═════ RECORD EXCERPTS

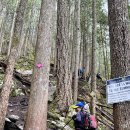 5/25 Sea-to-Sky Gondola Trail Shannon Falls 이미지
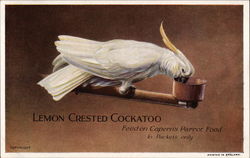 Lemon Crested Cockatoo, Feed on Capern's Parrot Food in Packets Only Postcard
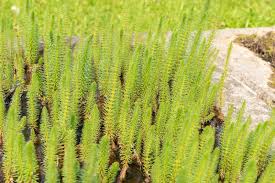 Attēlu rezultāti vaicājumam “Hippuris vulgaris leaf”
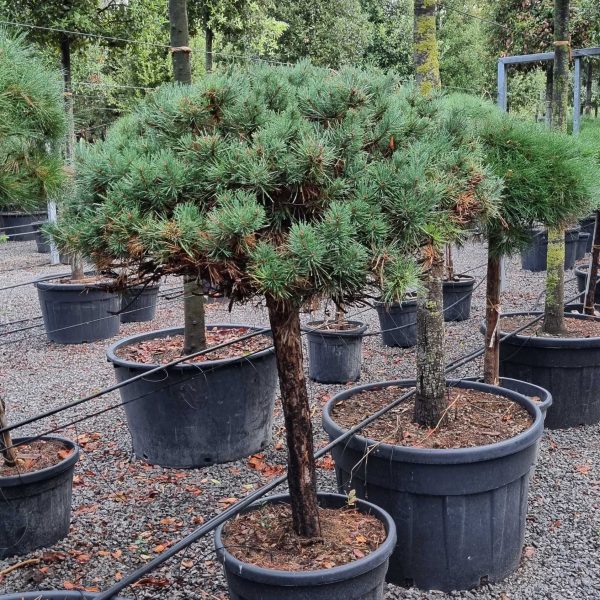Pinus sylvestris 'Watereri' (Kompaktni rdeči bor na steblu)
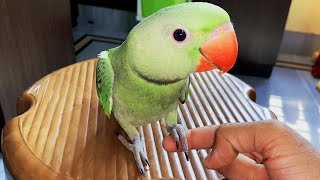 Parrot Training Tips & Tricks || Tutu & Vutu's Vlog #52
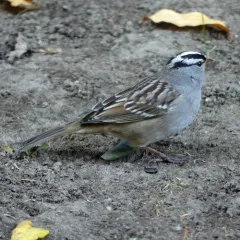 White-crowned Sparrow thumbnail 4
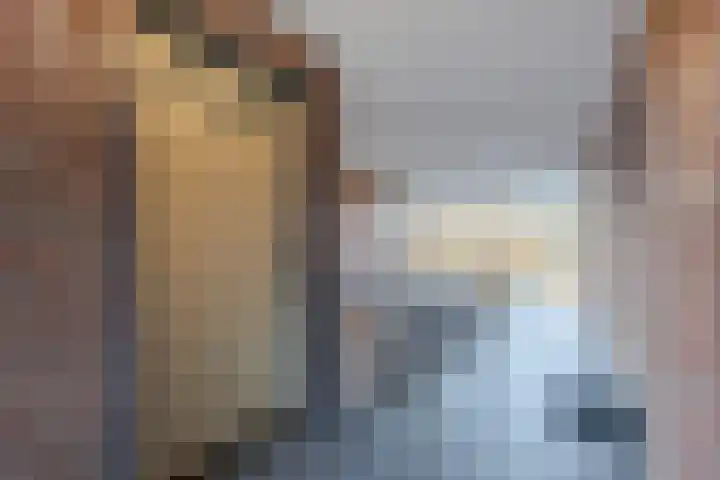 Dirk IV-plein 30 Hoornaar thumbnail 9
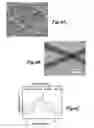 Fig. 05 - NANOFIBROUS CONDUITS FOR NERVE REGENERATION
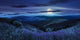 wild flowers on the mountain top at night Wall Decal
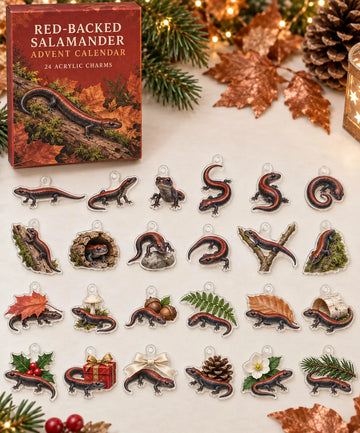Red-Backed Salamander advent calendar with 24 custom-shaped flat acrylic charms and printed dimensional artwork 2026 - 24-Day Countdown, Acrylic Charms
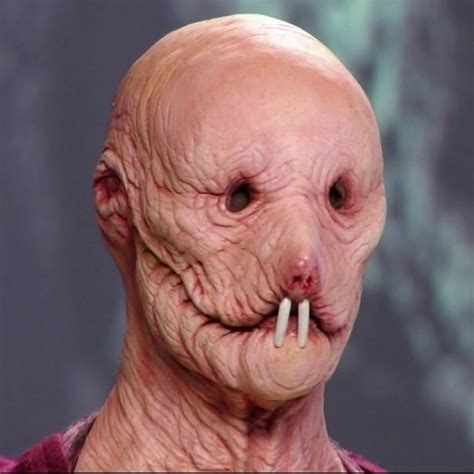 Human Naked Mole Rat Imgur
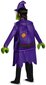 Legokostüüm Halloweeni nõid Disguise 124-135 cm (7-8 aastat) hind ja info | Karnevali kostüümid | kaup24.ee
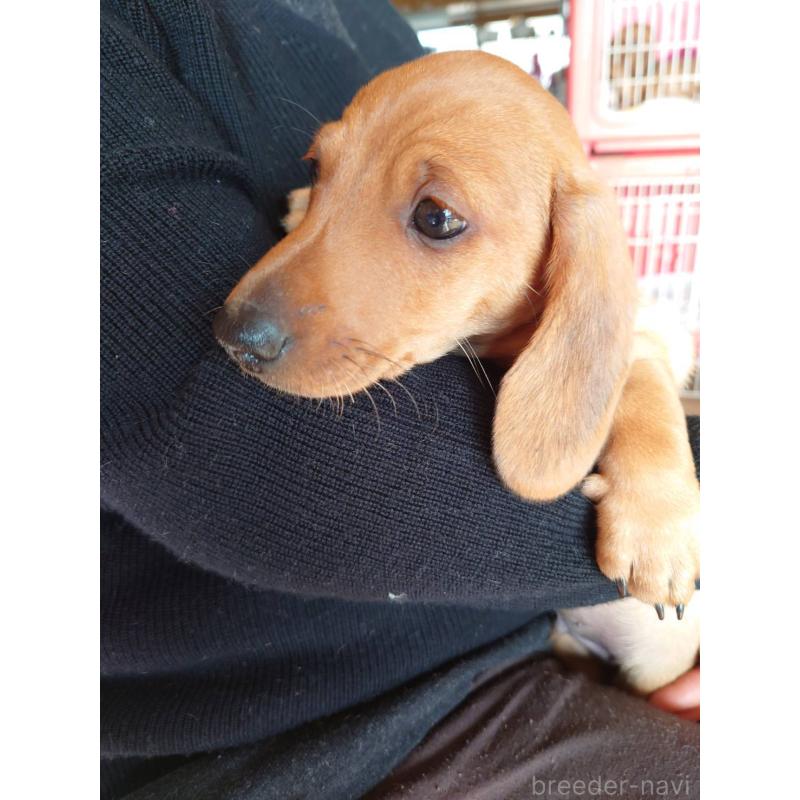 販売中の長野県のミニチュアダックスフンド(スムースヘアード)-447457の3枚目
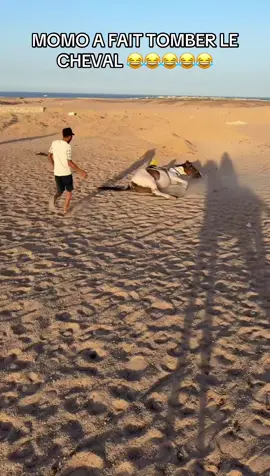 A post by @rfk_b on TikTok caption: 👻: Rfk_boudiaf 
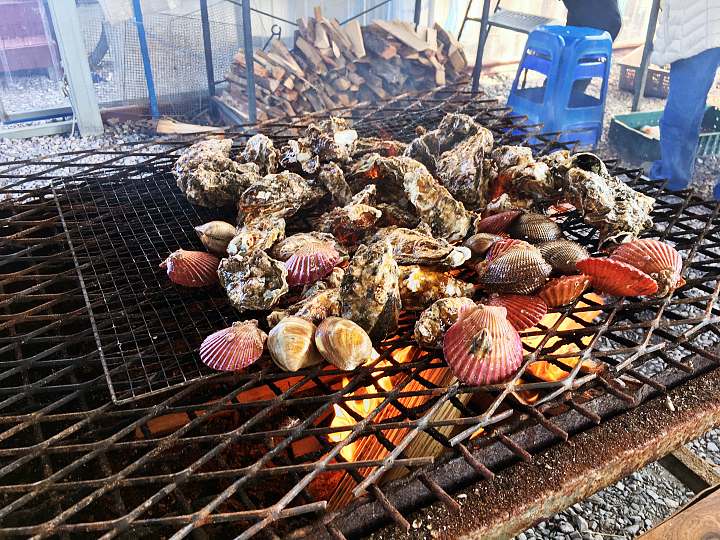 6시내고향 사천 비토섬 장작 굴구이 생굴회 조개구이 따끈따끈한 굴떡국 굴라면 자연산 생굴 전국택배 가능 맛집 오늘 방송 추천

══════════
═════ RECORD EXCERPTS

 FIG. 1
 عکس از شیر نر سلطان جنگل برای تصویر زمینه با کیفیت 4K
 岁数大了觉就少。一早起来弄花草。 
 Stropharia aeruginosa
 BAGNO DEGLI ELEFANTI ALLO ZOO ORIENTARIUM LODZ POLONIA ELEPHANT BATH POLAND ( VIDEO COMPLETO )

══════════
═════ RECORD EXCERPTS

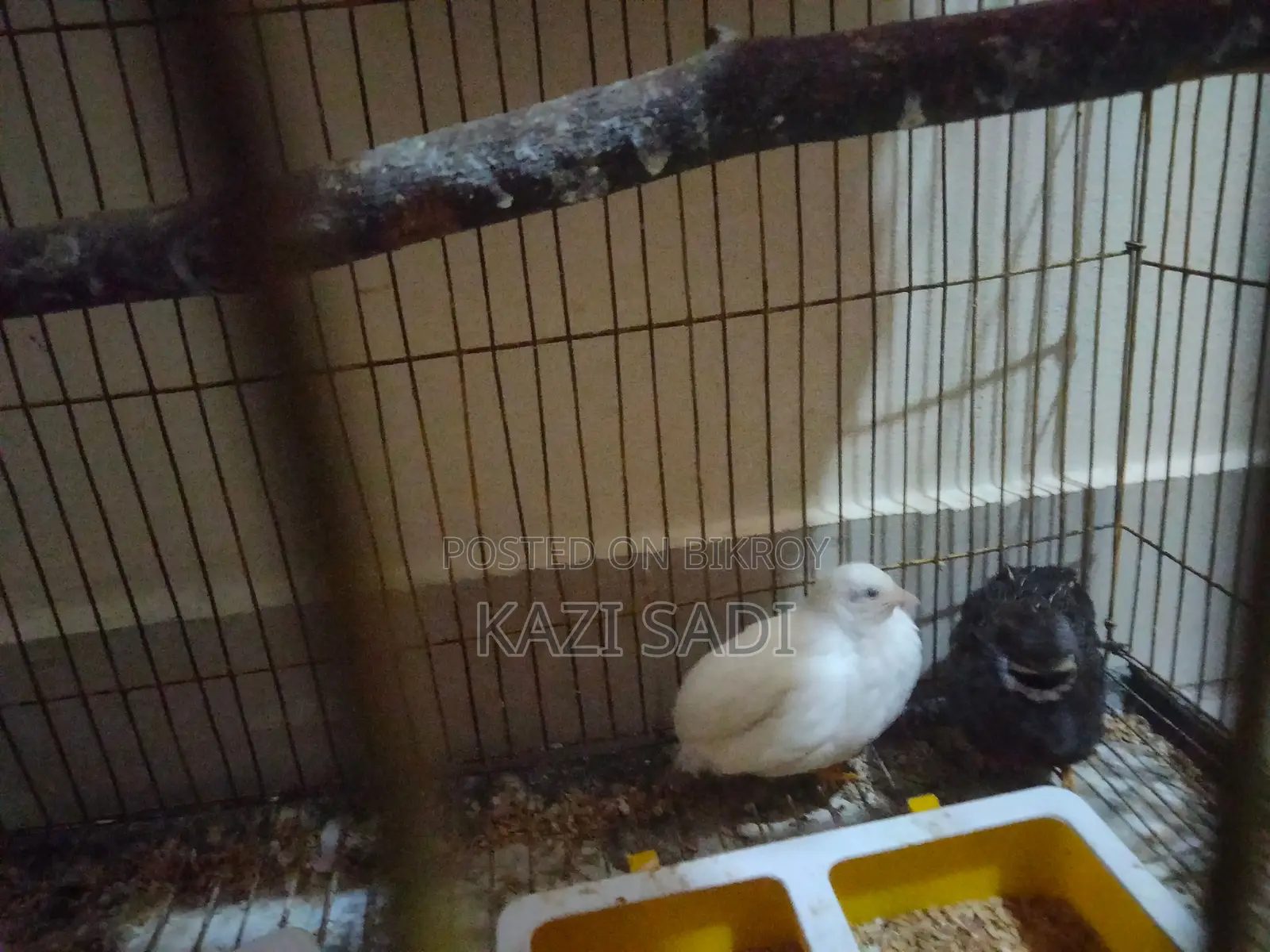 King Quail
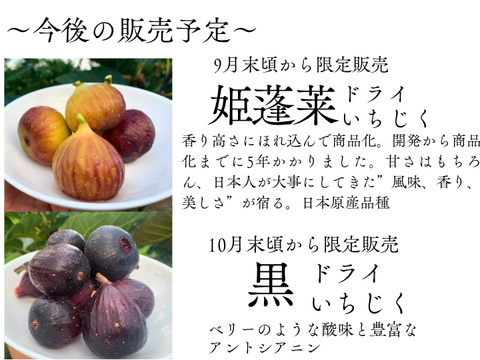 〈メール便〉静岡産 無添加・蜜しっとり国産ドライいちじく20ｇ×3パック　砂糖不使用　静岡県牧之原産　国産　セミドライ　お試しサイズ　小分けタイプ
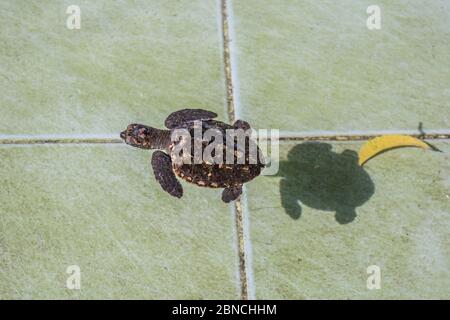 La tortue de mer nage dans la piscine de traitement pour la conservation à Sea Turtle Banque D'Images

══════════

TO DO: What is wanted is an exact copy of the lines above from the one containing "Human Naked Mole Rat Imgur" through the one containing "6시내고향 사천 비토섬", with no pictures in it.

RESULT OF THIS TASK:
 Human Naked Mole Rat Imgur
 Legokostüüm Halloweeni nõid Disguise 124-135 cm (7-8 aastat) hind ja info | Karnevali kostüümid | kaup24.ee
 販売中の長野県のミニチュアダックスフンド(スムースヘアード)-447457の3枚目
 A post by @rfk_b on TikTok caption: 👻: Rfk_boudiaf 
 6시내고향 사천 비토섬 장작 굴구이 생굴회 조개구이 따끈따끈한 굴떡국 굴라면 자연산 생굴 전국택배 가능 맛집 오늘 방송 추천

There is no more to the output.